High-Availability depends on how quickly you can recover a production system after an incident that has caused a failure. This requires planning and documenting a suitable DR Strategy for your organization. If you get a Disaster Recovery Plan wrong, it can make an incident into a catastrophe for the business which could bring a potential loss of revenue for your company.
The 24/7 business operation requires reliable and timely disaster recovery (DR) mechanisms for all components of these solutions, including the databases. In the event of a failure, service must be resumed within a very short period of time, with minimal or no data loss.But before you can generate that detailed recovery plan, we need to perform a risk assessment and/or business impact analysis to identify the IT services that support the organization’s critical business activities. Once this work is out of the way, you’re ready to move on to developing disaster recovery strategies,
The following are some of the general step required to develop and implement a plan.

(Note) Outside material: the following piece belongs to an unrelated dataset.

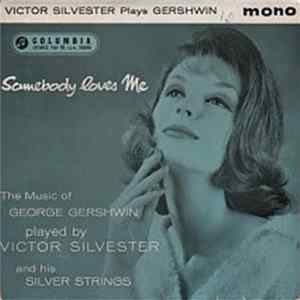 Victor Silvester and His Silver Strings - Somebody Loves Me FLAC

Policy Statement (Goal of plan, reasons and resources Business Impact Analysis (how does a shutdown impact the business financially and otherwise) Identify Preventive Steps (can disaster be avoided by taking prudent steps) Recovery Strategies (how and what you will need to recover) Plan Development (Write plan and implement plan elements) Plan buy-in and testing (very important so that everyone knows the plan and knows what to do) Maintenance (continuous changes to reflect current situation)
Stages of a Disaster Recovery Plan
The goal of a DRP is to resume normal computing capabilities in as little time as possible. A typical DRP has several stages, including the following:
- Understanding an organization’s activities and how all of its resources are interconnected.
- Assessing an organization’s vulnerability in all areas, including operating procedures, physical space and equipment, data integrity and contingency planning.
- Understanding how all levels of the organization would be affected in the event of a disaster.
- Developing a short-term recovery plan.
- Developing a long-term recovery plan, including how to return to normal business operations and prioritizing the order of functions that are resumed.
- Testing and consistently maintaining and updating the plan as the business changes.